Kann Dr. Hanna Martens helfen?

Britta Frey

»Mami, der Briefträger kommt!«

Natalie, liebevoll Nana genannt von ihrer Mutter, preßte ihre Stupsnase an die Fensterscheibe. Sie wußte, daß die Mutter auf einen Brief wartete.

»Danke, Nana, ich laufe schnell hinunter, vielleicht habe ich ja heute Post.«

Stefanie Walter nahm den Briefkastenschlüssel vom Haken neben der Tür und ging in den Hausflur hinaus. Sie hatte vor einer Woche mehrere Stellenbewerbungen als Hotelsekre­tärin abgesandt und wartete nun auf Antwort.

Seit sie vor zwei Jahren durch den Unfalltod ihres Mannes Andreas plötzlich Witwe geworden war, hatte sich ihr Leben dramatisch verändert. Er hatte eine Lebensversicherung gehabt, so daß sie zuerst wenigstens keine existenzielle Not litten. Es war schwer genug gewesen, mit dem Schicksalsschlag fertig zu werden. Nana war gerade drei Jahre alt gewesen. Jetzt ging die Kleine in den Kindergarten, das Geld würde nicht ewig reichen, es wurde Zeit, sich wieder eine Zukunft zu schaffen.

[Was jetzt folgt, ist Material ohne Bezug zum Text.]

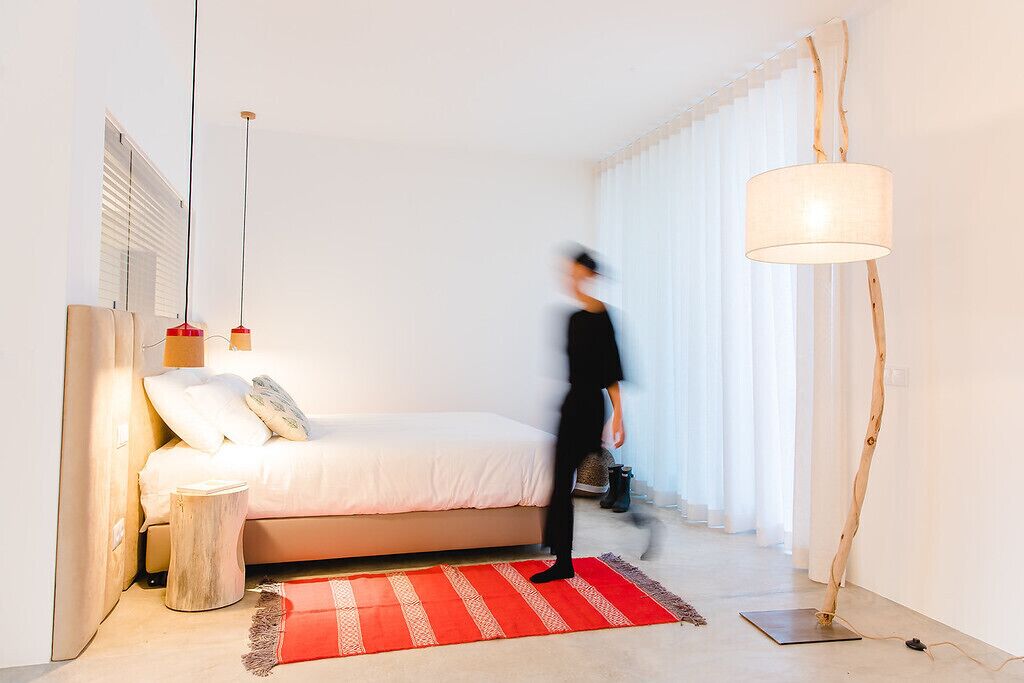 Un dormitorio moderno con una cama, un tapete a rayas rojo y blanco, una mesita de noche de madera y una lámpara de pie.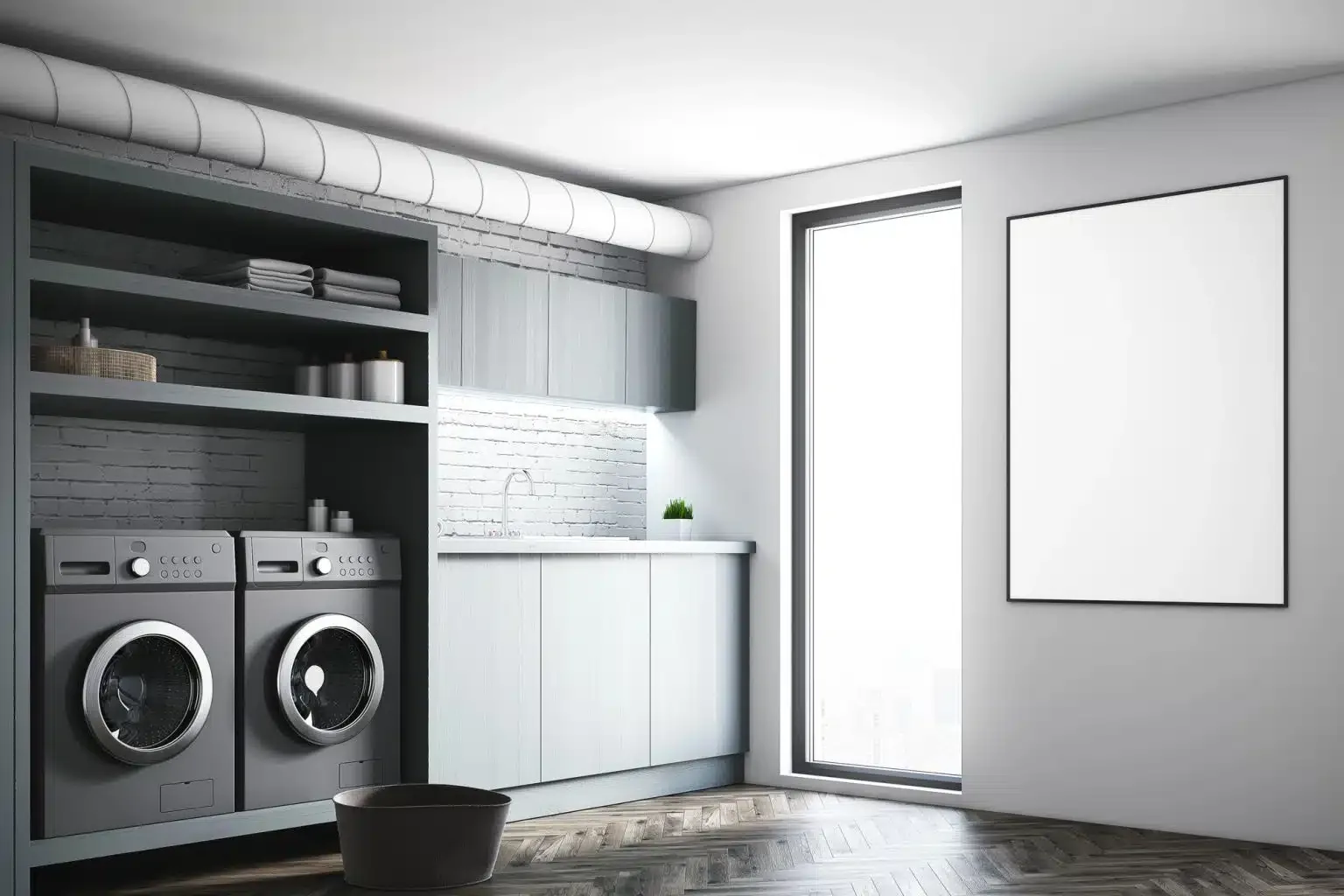 Light timber laundry cabinetry with a marble splashback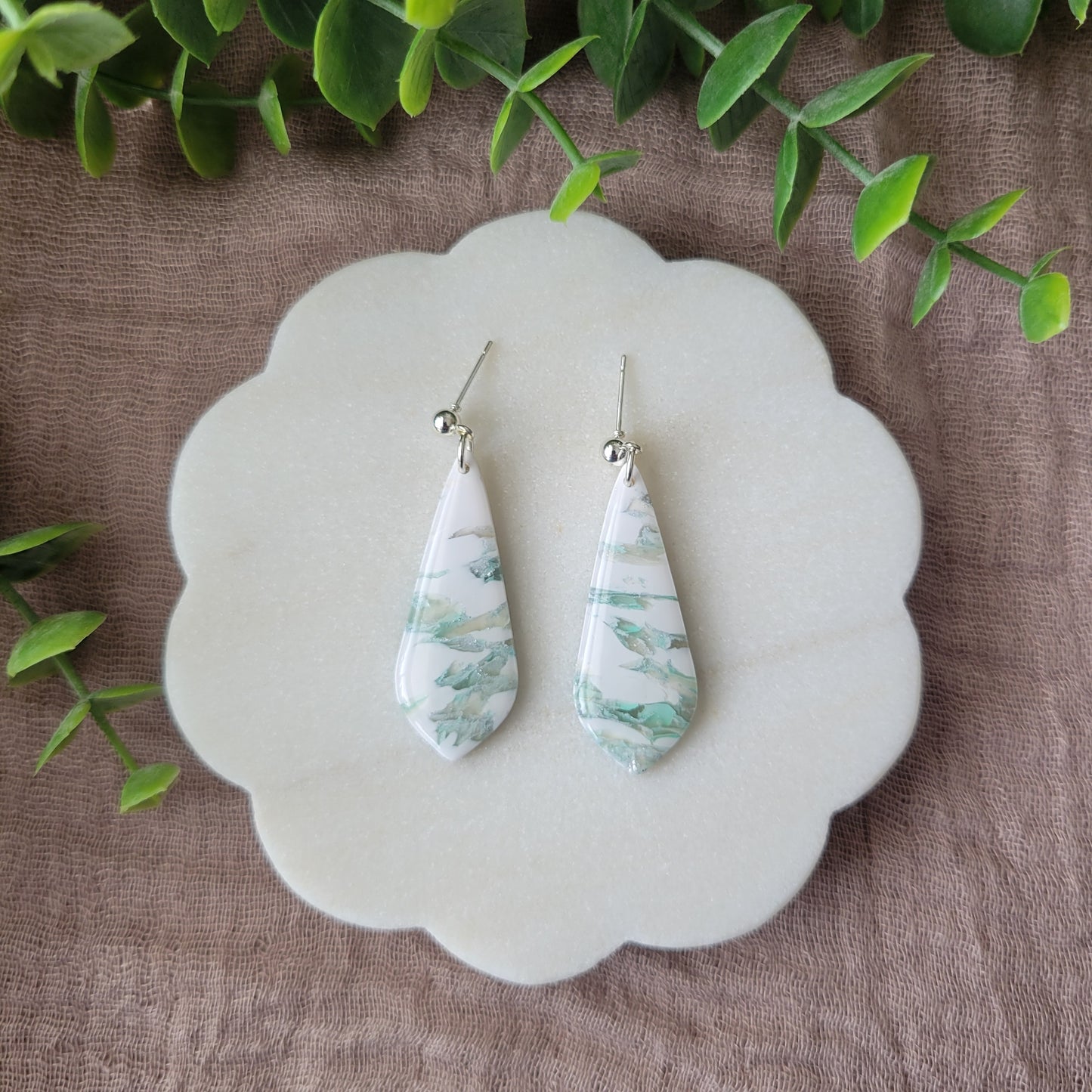 Top view of a pair of tiffany blue, white marble elongated tear drop shaped earrings displayed on a white scalloped tray.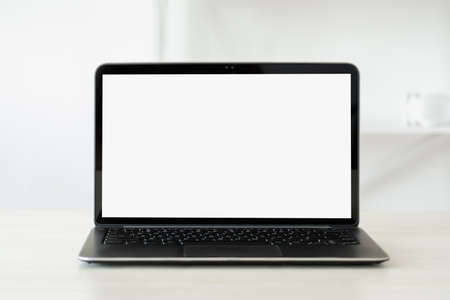 Laptop blank screen. Office workspace. Digital technology. Portable computer with empty monitor on white desk light background copy space.の写真素材
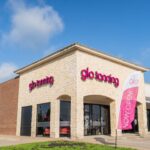 A Glo Tanning storefront with pink illuminated signage on a light brick building under a blue sky. A "NOW OPEN!" flag waves.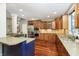 Well-appointed kitchen with stainless steel appliances, custom cabinets, and granite countertops at 14577 Faucet Ln, Fishers, IN 46040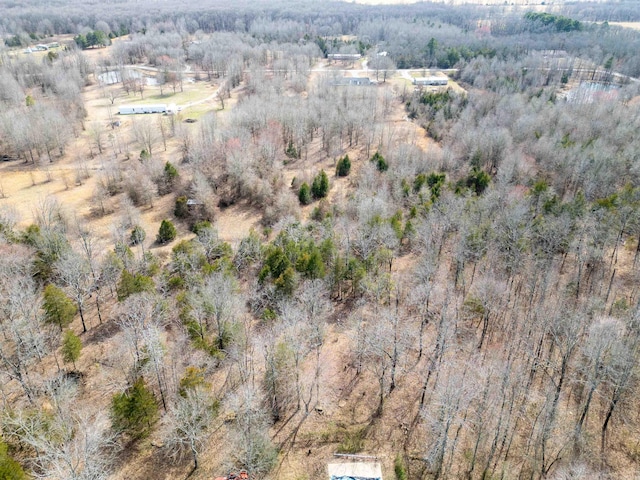 birds eye view of property with a view of trees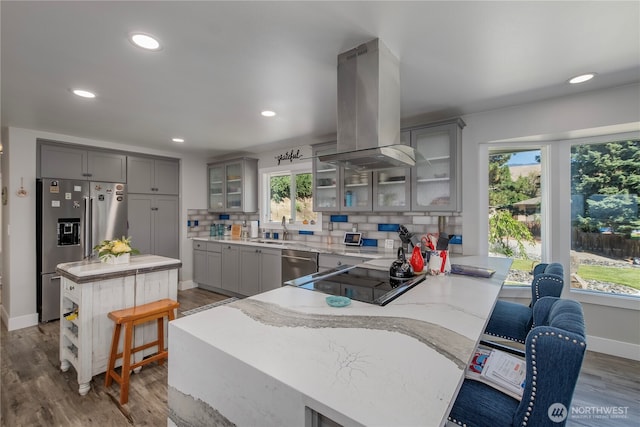 3418 Mari Lane Dr, Wenatchee, WA 98801 - kitchen featuring gray cabinets, island exhaust hood, stainless steel appliances, a peninsula, and recessed lighting
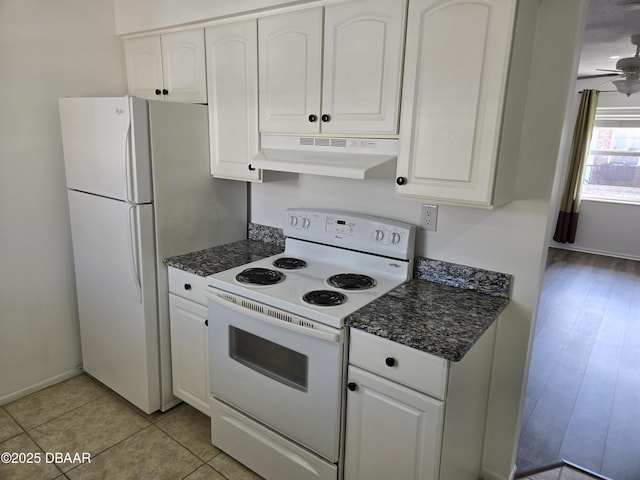 kitchen featuring white appliances, ceiling fan, dark stone countertops, white cabinets, and light tile patterned flooring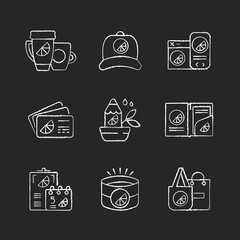 Company branding materials chalk white icons set on black background. Creating stylish clothes and accessories to look fashionable. Beautiful items. Isolated vector chalkboard illustrations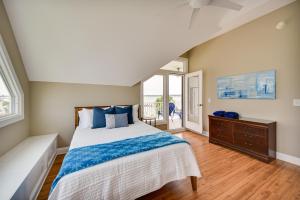 a bedroom with a large bed with blue pillows at Gloucester Point Vacation Rental on York River! in Yorktown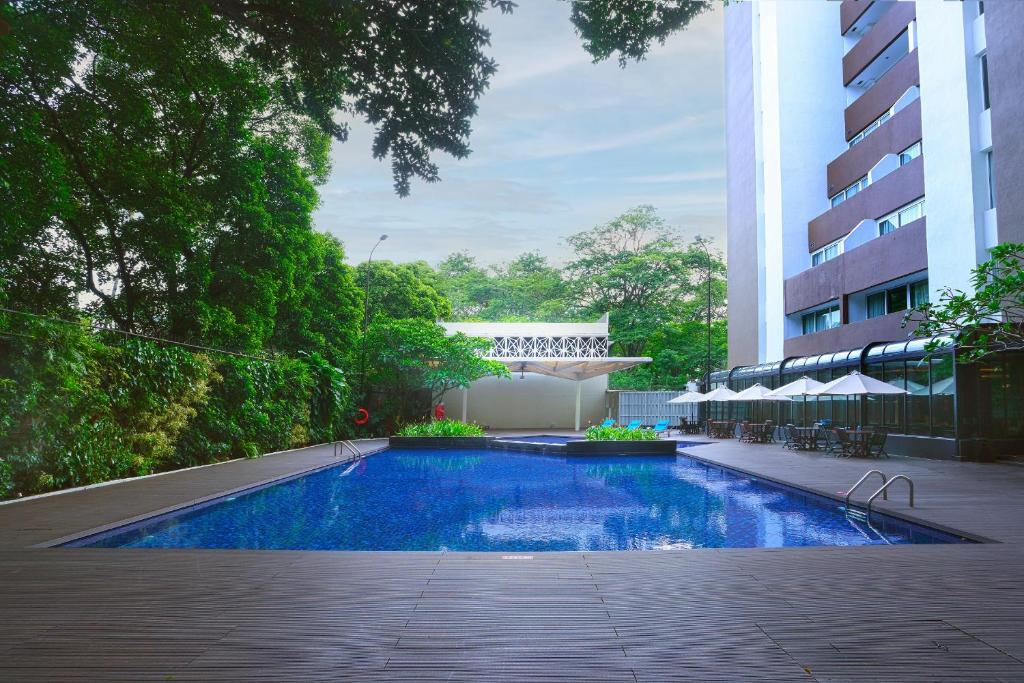 a swimming pool in front of a building at Swiss-Belhotel Pondok Indah in Jakarta
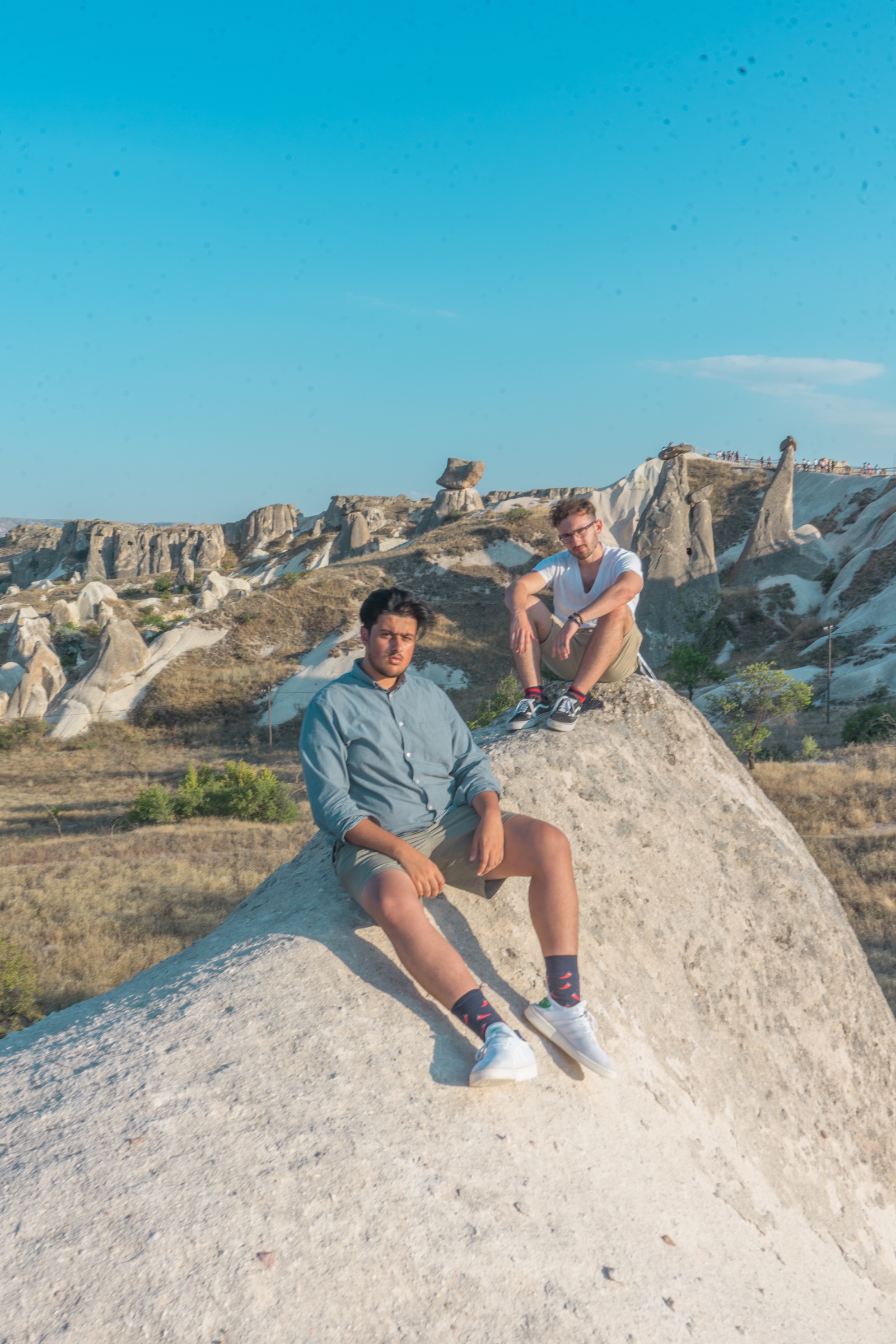 Two friends seated on a pale rock formation beneath a blue sky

Stefanie war vor ihrer Heirat und bis zu Natalies Geburt Hotelsekretärin gewesen, in diesem Beruf wollte sie wieder arbeiten, wenn irgend möglich. Es war interessant und abwechslungsreich. Aber niemand schien sie beschäftigen zu können. Entweder bildete Nanas Existenz ein Hindernis für die Hotelmanager – sie befürchteten wohl, Stefanie könnte zu oft fehlen –, oder ihre längere Hausfrauentätigkeit wirkte sich negativ aus. Stefanie hatte bereits fünf Absagen bekommen in den letzten Wochen, seit sie sich um Arbeit bemühte.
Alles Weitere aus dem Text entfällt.